Time Warner Inc. Announces Expiration of Cash Tender Offer for Any and All of its Outstanding 5.875% Notes Due 2016

June 3, 2015

NEW YORK - Time Warner Inc. (NYSE: TWX) today announced the expiration of its tender offer (the “Offer”) to purchase for cash any and all of the outstanding 5.875% Notes due 2016 (CUSIP No. 887317AC9) of Time Warner Inc. (the “Notes”).  The Offer expired at 5:00 p.m., New York City time, on June 3, 2015 (the “Expiration Time”).

As of the Expiration Time, $687,092,000 aggregate principal amount of outstanding Notes had been validly tendered and accepted.  This amount includes $610,000 aggregate principal amount of outstanding Notes tendered pursuant to the guaranteed delivery procedures described in the Offer to Purchase relating to the Offer, which remain subject to the Note holders’ performance of the delivery requirements under such procedures.

As announced on May 28, 2015, the purchase price is $1,073.50 per $1,000 principal amount of Notes tendered and accepted for payment.  Time Warner will also pay accrued and unpaid interest on the Notes accepted in the Offer up to, but not including, June 4, 2015 for all Notes tendered in the Offer, including the Notes tendered pursuant to the guaranteed delivery procedures.  The payment date is June 4, 2015 (other than with respect to Notes tendered pursuant to the guaranteed delivery procedures, with respect to which payment will be made on June 8, 2015).

Time Warner expects to record an approximate $51,000,000 pre-tax charge to “other income (loss), net” in the second quarter of 2015 related to the premiums paid to tendering holders of the Notes.  The loss will not impact Adjusted EPS.

BofA Merrill Lynch, Citigroup Global Markets Inc., Morgan Stanley & Co. LLC and Wells Fargo Securities, LLC acted as Dealer Managers for the Offer.  D.F. King & Co., Inc. acted as the Information Agent and Depositary.  Requests for documents may be directed to D.F. King & Co., Inc. at (866) 745-0272 (toll free) or (212) 269-5550 (banks and brokers).  Questions regarding the Offer may be directed to BofA Merrill Lynch at (888) 292-0070, Citigroup Global Markets Inc. at (800) 558-3745, Morgan Stanley & Co. LLC at (800) 624-1808 and Wells Fargo Securities, LLC at (866) 309-6316.

This announcement is for informational purposes only and is not an offer to purchase or sell or a solicitation of an offer to purchase or sell, with respect to any securities.  The solicitation of offers to buy the Notes was only being made pursuant to the terms of the Offer to Purchase and the related Letter of Transmittal and Notice of Guaranteed Delivery.  The Offer was not being made in any state or jurisdiction in which such offer would be unlawful prior to registration or qualification under the securities laws of any such state or jurisdiction.

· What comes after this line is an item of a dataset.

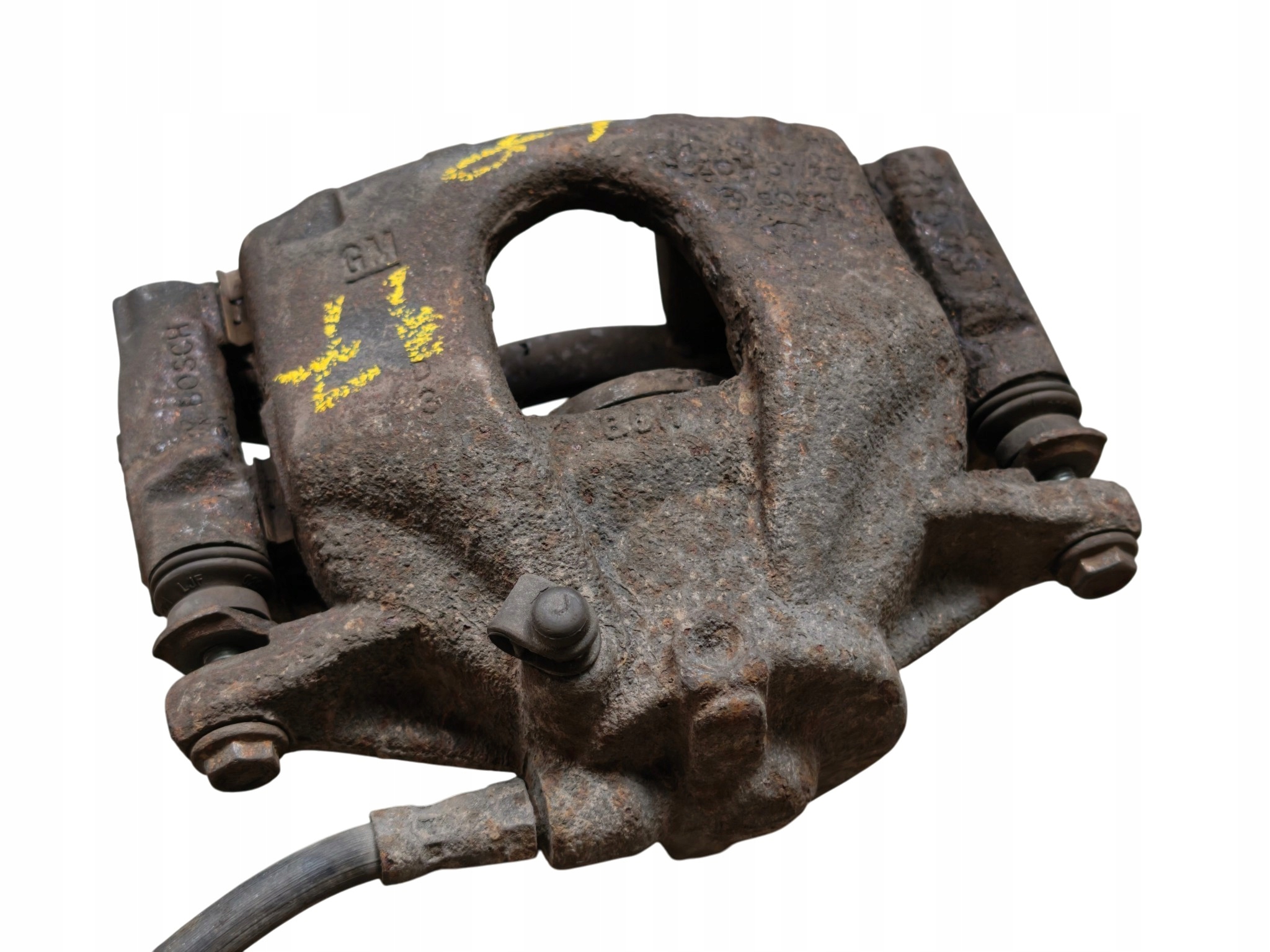 OPEL CORSA D 1.3 CDTI caliper brake left front original Z17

Time Warner Inc., a global leader in media and entertainment with businesses in television networks, film and TV entertainment, uses its industry-leading operating scale and brands to create, package and deliver high-quality content worldwide on a multi-platform basis.

This document includes certain forward-looking statements within the meaning of the Private Securities Litigation Reform Act of 1995. These statements are based on management’s current expectations or beliefs, and are subject to uncertainty and changes in circumstances.  Actual results may vary materially from those expressed or implied by the statements herein due to changes in economic, business, competitive, technological, strategic and/or regulatory factors and other factors affecting the operation of Time Warner’s businesses.  More detailed information about these factors may be found in filings by Time Warner with the Securities and Exchange Commission, including its most recent Annual Report on Form 10-K and subsequent Quarterly Reports on Form 10-Q.  Time Warner is under no obligation, and expressly disclaims any such obligation, to update or alter its forward-looking statements, whether as a result of new information, future events, or otherwise.